The need to properly document that part of Nunavik’s history was identified during last year’s Parnasimautik consultations, which toured the region and found Nunavimmiut want to see better preservation of their culture.

Tagoona said the timing is right to gather the memories of the nine surviving signatories from the original group of 11, which includes Johnny Williams, Sarollie Weetaluktuk, Peter Inukpuk, Tommy Cain, Charlie Watt, Zebedee Nungak, Putilik Papigatuk, Charlie Arngak and Robbie Tookalook.

Signatories George Koneak and Mark Annanack have since passed away.

“We know the youth are really hungry for information about why land claims came to be, and why the agreement came out as it is,” Tagoona said. “This will help them understand where they are today.”

Tagoona, who at the time worked in communications for Makivik’s predecessor, the Northern Quebec Inuit Association, sat in on many of the negotiating sessions and the visits Inuit negotiators made to Nunavik communities in 1973 and 1974.

“[Nunavik] had so little funding then, no telephones, and we’d fly into these communities on single-engine airplanes,” he said. “We slept in schools, sometimes on the floor.”

“When we tell these stories to young people, their eyes light up,” he added. “They don’t realize the benefits they see in their communities weren’t always there.”

Negotiations began shortly after Quebec announced in 1971 its plans to build a system of hydroelectric dams in northern Quebec, along waterways historically used by Cree and Inuit.

The JBNQA was signed Nov. 11, 1975, after four years of negotiations.

It was Canada’s first modern comprehensive land claims agreement. James Bay Cree and the Inuit of northern Quebec ceded territory totalling 450,000 square kilometres in exchange for $225 million in compensation.

In Nunavik, the agreement also brought about the creation of major organizations such as the Kativik Regional Government, the Kativik School Board, and the Inuit birthright organization, Makivik Corp., which manages the compensation funds.

Makivik has contracted Montreal production company Studio Pascal Blais to shoot the film.

The documentary will be co-directed by Tagoona and Ole Gjerstad, who has 25 years of filmmaking experience in the Canadian Arctic.

Starting next month, a film crew will arrive in Kuujjuaq to begin interviews with the nine signatories, but also with many Nunavimmiut who played a role in negotiations behind the scenes.

“A lot of those guys were so young,” Tagoona said. “But they had many elders advising them. We want to go into the communities and talk to people who remember what was happening at the time.There’s not many people left.”

To tell the whole story, the film crew will also need to sit down with dissidents who rejected the agreement, members of Inuit Tungavingat Nunamini, Tagoona said, as well as government officials who sat across the table.

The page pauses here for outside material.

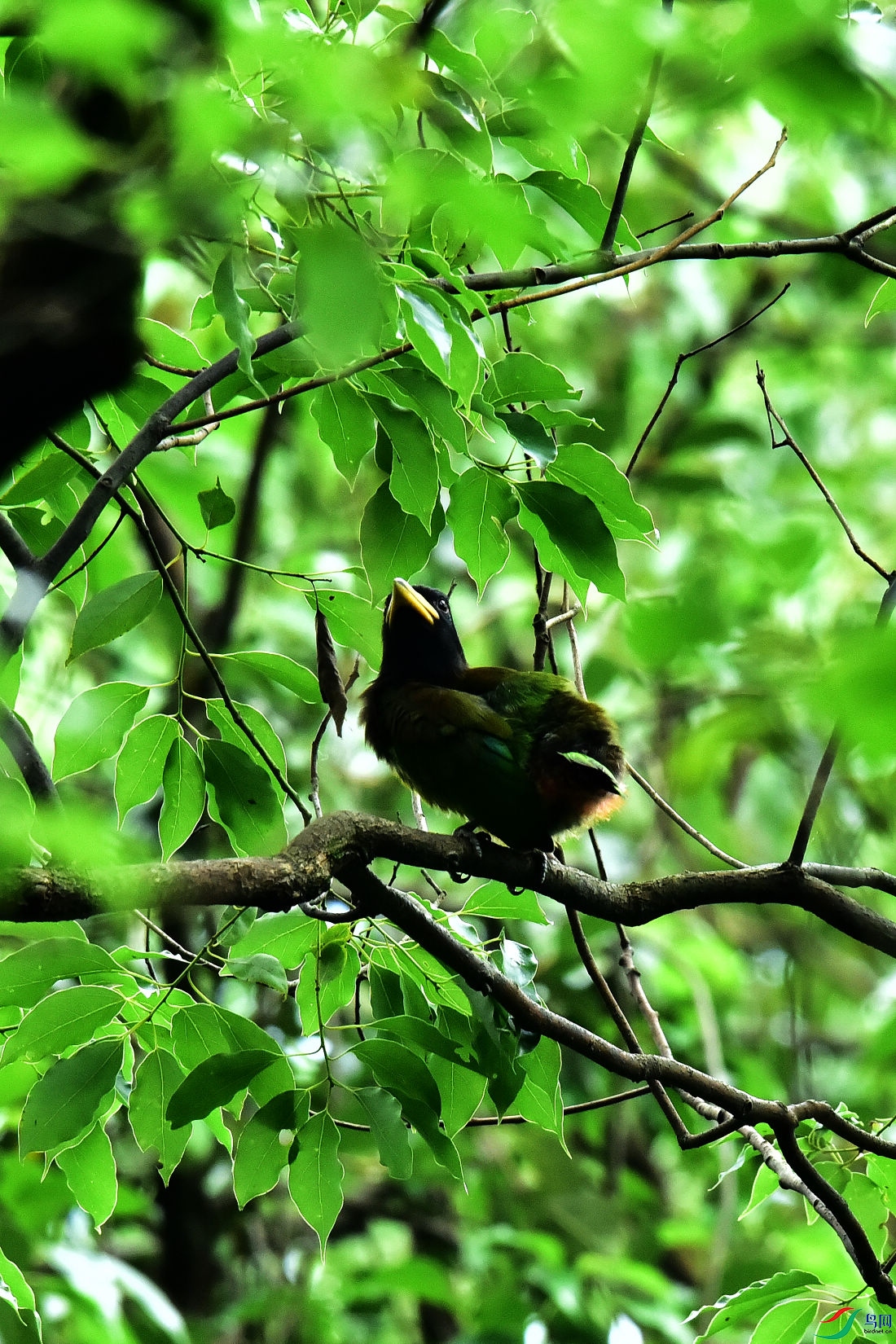 DSC_0746.JPG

“We want this film to show youth the reality of what they have today,” Tagoona said. “It also takes it to a whole new level, but showing them they can take on that leadership too.”

Tagoona estimates the project will cost about $500,000, funded by Makivik with support from the Kativik Regional Government and Kativik School Board.

The goal is to have the film done in time to be screened at Makivik’s annual general meeting in 2015, also the 40th anniversary of the signing of the JBNQA.

The film will be available in Inuttitut, English and French.